Of late, Manchester City have taken Chelsea’s free-spending attitude and raised it to a whole new level which earned them the success they craved. Meanwhile, Arsenal are enduring an 8-year trophy drought and are slowly drifting away from the top three, now scrapping with the rest for that fourth spot.
However, despite their success over the years and their persistent ability to compete with the best, Chelsea’s philosophy has more than a few negatives as well. With 9 managers in 8 years, the stability of the club has always been a cause for concern. Managers are never afforded time to implement their methods and are destined to be shown the door from the moment they walk through it.
Last season’s division within the club during Andre Villas-Boas’ regime when the senior players did not see eye to eye with the Portuguese coach, was a prime example of the instability of the club. The owner has far too big a hand in matters affecting the first team. It’s no secret that Abramovich was the driving force behind extravagant moves for Andriy Shevchenko and Fernando Torres.
The current contract issues with veterans Frank Lampard and Ashley Cole only serves to expose further cracks within the club. John Terry was the last youth academy product to break into the first team although Ryan Bertrand has been on the fringes lately. Their disregard for their youth system has forced them to buy new players rather than develop them and that has only further compromised the integrity of the club.
The unstable nature of the club has been tolerated by the fans thus far purely because they’ve been pacified with the silverware being won.

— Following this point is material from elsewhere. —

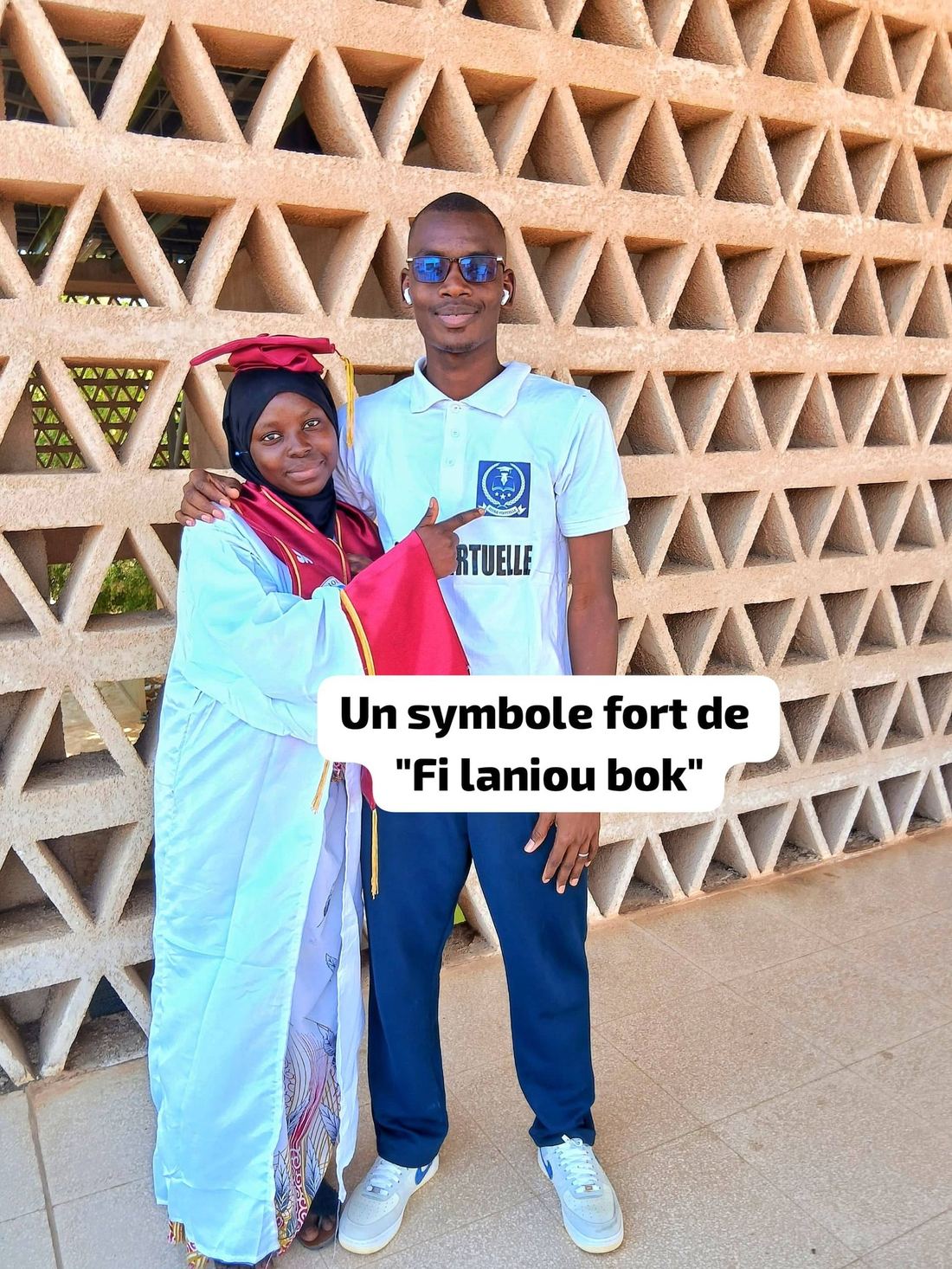 Deux diplômés École Virtuelle célébrant leur réussite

However, despite bargaining their veracity and spending millions in the transfer market in the pursuit of glory, Chelsea have still been unable to deliver the kind of attractive football their owner craves.
The purists will continue to support Arsenal’s principle’s and believe in Wenger’s vision while the realists will condemn the lack of productivity and approve of Chelsea’s ‘by any means’ methods to achieve success. Which why the battles between these two sides are often symbolic of the clash between their varying ideologies.